A Best-Reader Peer-Editing Workshop for Papers Nearing the End of the Composing Process

        Exchange papers and come up with at least three questions, and the principles that would make them important to the best readers.  Concentrate on improving how the paper first introduces itself to the readers, how it completes paragraphs or transitions between paragraphs, and how it deals with readers' perceptions of the consequences of the thesis.
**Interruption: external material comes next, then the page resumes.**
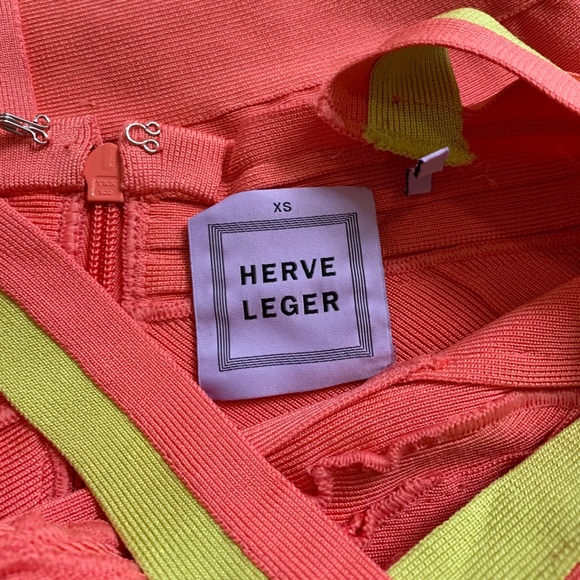 🎉 SALE Herve Leger Bandage Mini Dress Peach Blush Orange and Yellow - Picture 7 of 8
I.  Work with the author for five minutes to describe more thoroughly the paper's best readers in greater detail.  What kind of people are they?  What basic beliefs do they care most about and why do those things matter to them?  What kinds of evidence will move them most successfully?  (Are they "number" people or are they "value" people or are they "pathos" people or etc.?)

 

 

 

II.  Best Readers Encounter the Thesis.

        What do the best readers for this paper currently (before reading the paper) think about the main points the author is making in the entire paper?  When they have finished the introductory paragraphs, what question or questions might they think the author is leaving unasked, and why do those questions matter to them?  This can be a big question, or a small one--anything you can add will improve the paper's success with these readers by showing them the author cared enough to discover it.

Question:

Reason why it matters:

III.  Best Readers Encounter the Body of the Argument.
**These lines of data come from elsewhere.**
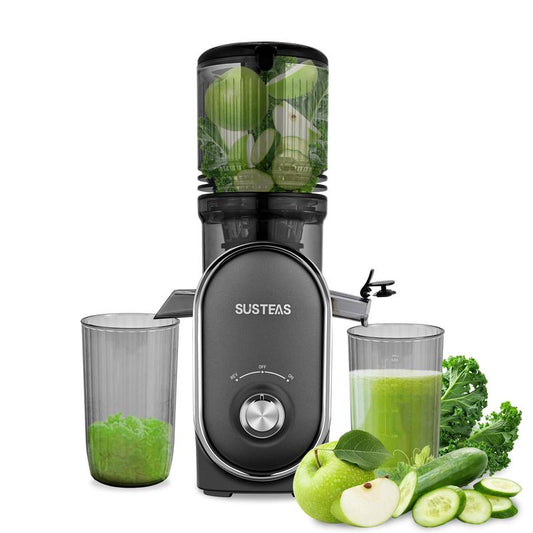 SUSTEAS Cold Press Juicer, 5.3 Inch Large Feed Opening, Slow Masticator Chute, for Whole Vegetables and Fruits, High Yield, Easy to Clean Springtok Steel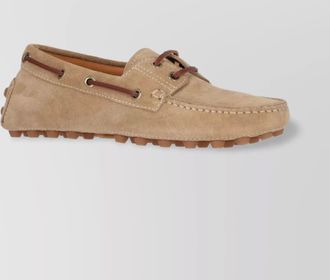 Tod's suede leather lace-up loafers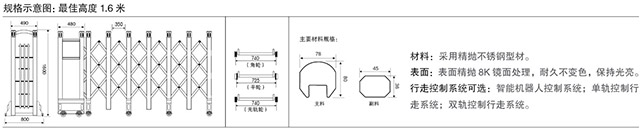 不銹鋼伸縮門王者八號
        Find a paragraph in the body of the paper that the best readers will find incomplete because it does not refer to something they would care about at a time when they would think it natural to refer to it.  What question would they ask and why would it matter to them?  Or, find two adjacent paragraphs without the right kind of transition to take the best readers from one to the other.  What question would the best readers be asking about the relationship of these two topics, and why would it matter to them?  Either change the paragraph order or leave them the same, but work out the missing piece of the "bridge" between their main ideas.

Question:

Reason why it matters:

 

IV.  Best Readers Encounter the Conclusion of the Argument.

        What would be the best readers' impression of the consequences of this thesis?  Remember to think about "unintended consequences," those things the author does not plan on happening, but which a reasonable person might expect to happen anyway.  Why would they worry about that?